▸ **Task directions**: Once the line containing "Square Tissue Box" appears, output it and each remaining line of the records below exactly, with no pictures and nothing more.

▼▼▼

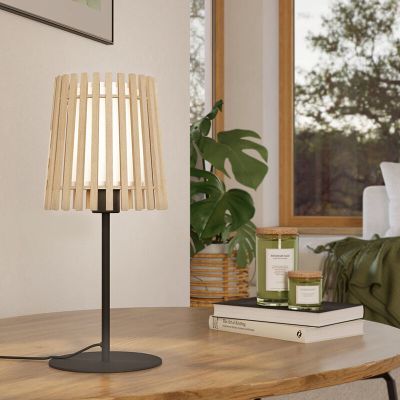 Rustik bordslampa trä, Farah, med brytare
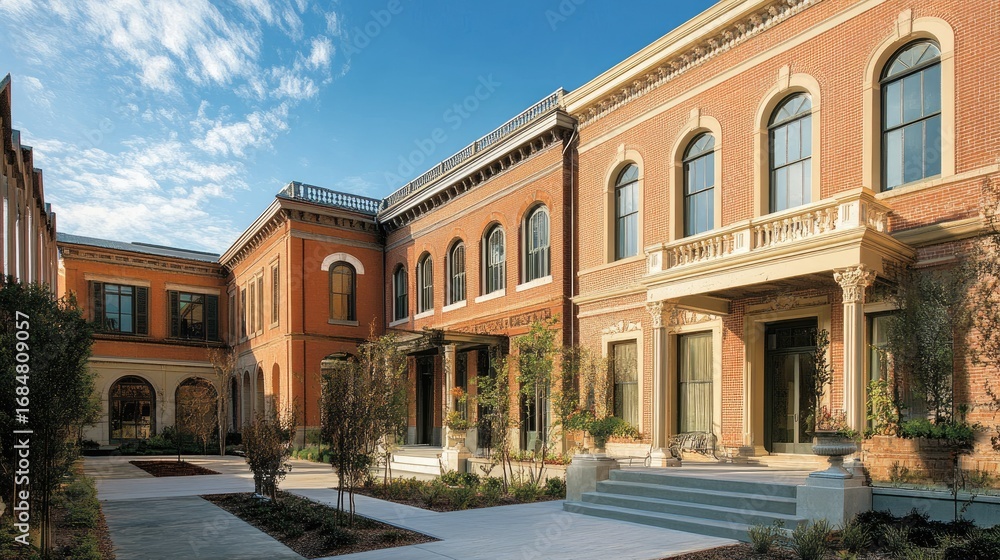 Obraz premium Elegant Brick Building Courtyard Architecture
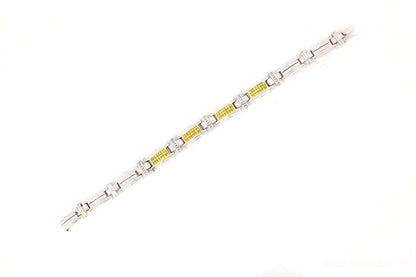 10.6mm Yellow & White Invisible Setting Bracelet - Johnny Dang & Co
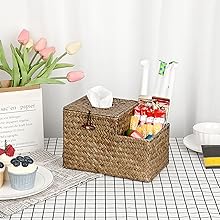 Square Tissue Box holder with side storage bin for Dining Table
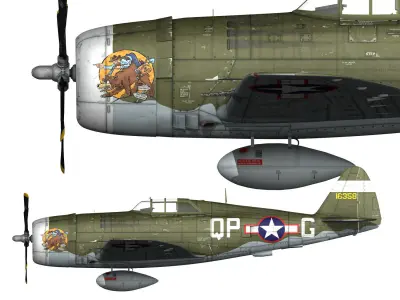 Republic P-47C Thunderbolt - California or Bust - QP-G 3D model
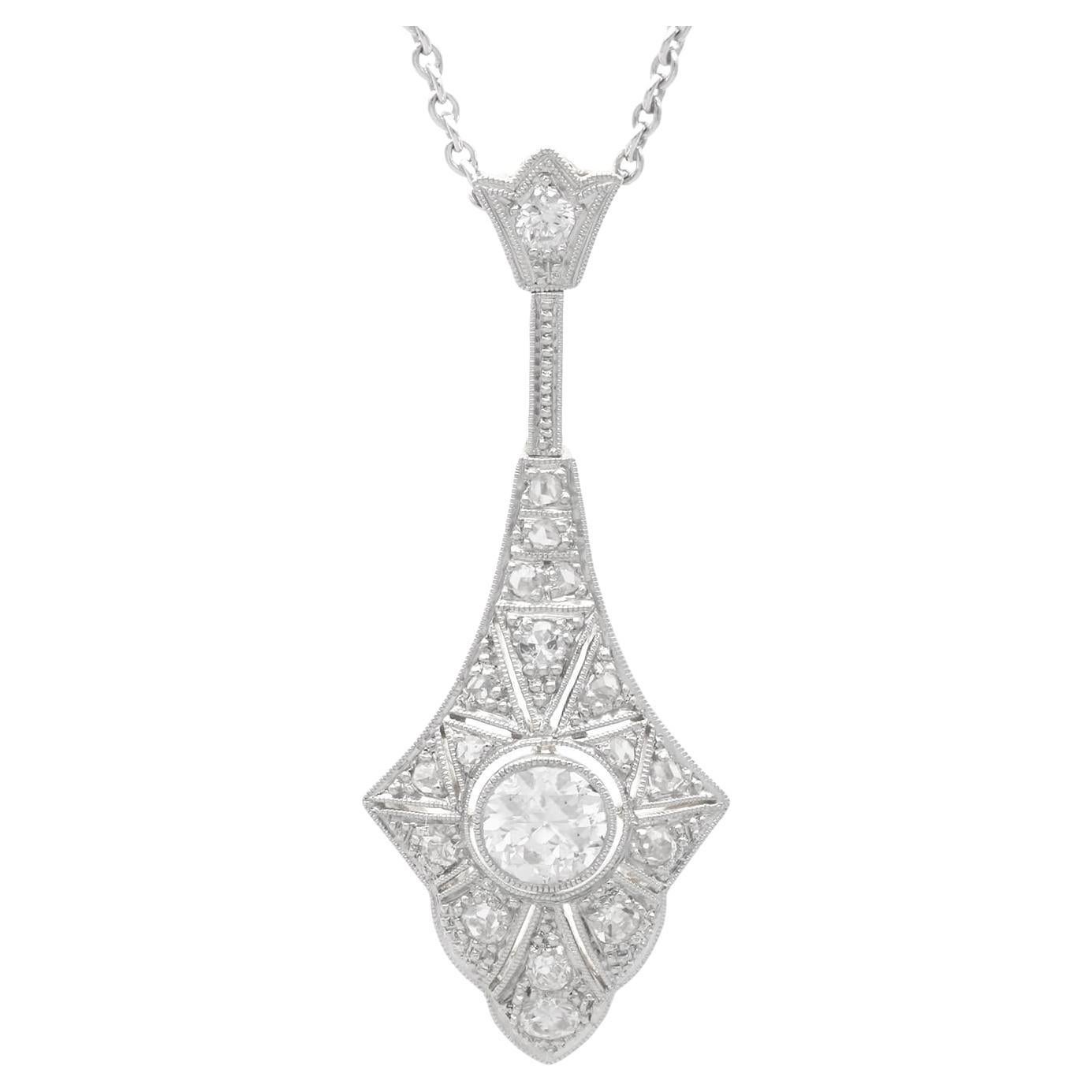 Colgante Art Decó de diamantes de 0,76 ct y oro amarillo de 14k - Circa 1930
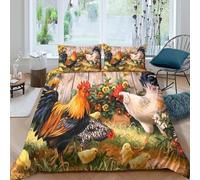 Farm chicken sceneSet Di Copripiumino microfibra 3 Pezzi stampa di 3D cerniera nascosta Rustic garden paint copripiumino con federa soffice ultra morbido e traspirante for bambini Double（200x200cm）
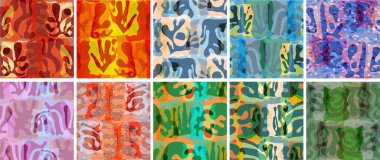 Vektörsüz şablon ayarlandı. Organik Matisse şekilleri. Doğal toprak renginde çiçek sualtı yaşamı. Soyut deniz yosunu kamuflaj arka planı. Moda dalgalı geometri. Rastgele katmanlanmış el çizimi sanat.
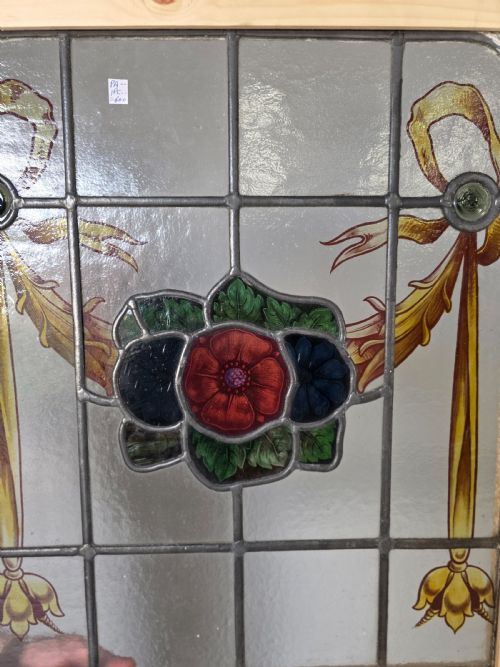 1900 ANTIQUE LEADED GLASS WINDOW WITH HAND PAINTED FLOWERS SWAGS AND BULLSEYES - ADDITIONAL PHOTO 2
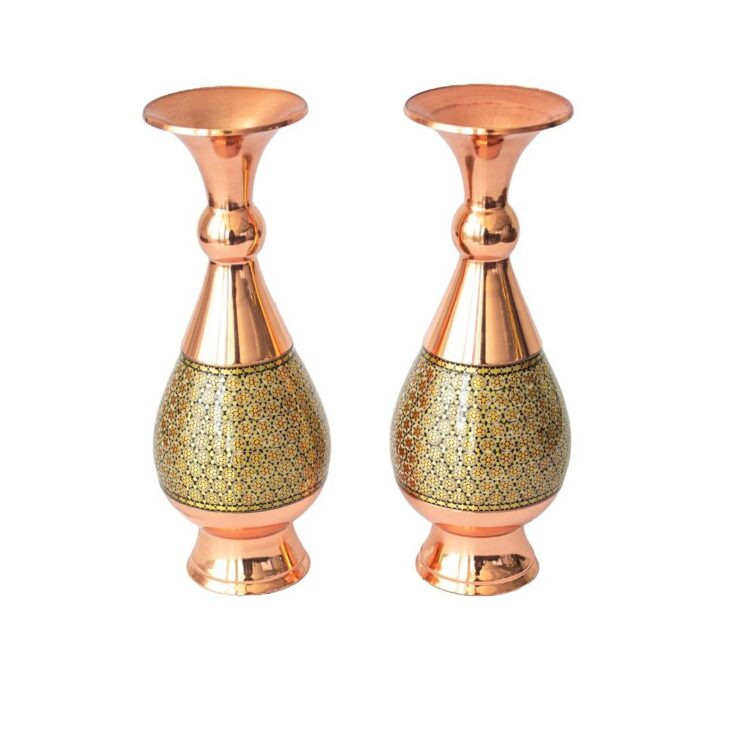 Set of Two Copper Inlaid Vases Model JK01 view 2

▲▲▲

▸ **Response area**:
 Square Tissue Box holder with side storage bin for Dining Table
 Republic P-47C Thunderbolt - California or Bust - QP-G 3D model
 Colgante Art Decó de diamantes de 0,76 ct y oro amarillo de 14k - Circa 1930
 Farm chicken sceneSet Di Copripiumino microfibra 3 Pezzi stampa di 3D cerniera nascosta Rustic garden paint copripiumino con federa soffice ultra morbido e traspirante for bambini Double（200x200cm）
 Vektörsüz şablon ayarlandı. Organik Matisse şekilleri. Doğal toprak renginde çiçek sualtı yaşamı. Soyut deniz yosunu kamuflaj arka planı. Moda dalgalı geometri. Rastgele katmanlanmış el çizimi sanat.
 1900 ANTIQUE LEADED GLASS WINDOW WITH HAND PAINTED FLOWERS SWAGS AND BULLSEYES - ADDITIONAL PHOTO 2
 Set of Two Copper Inlaid Vases Model JK01 view 2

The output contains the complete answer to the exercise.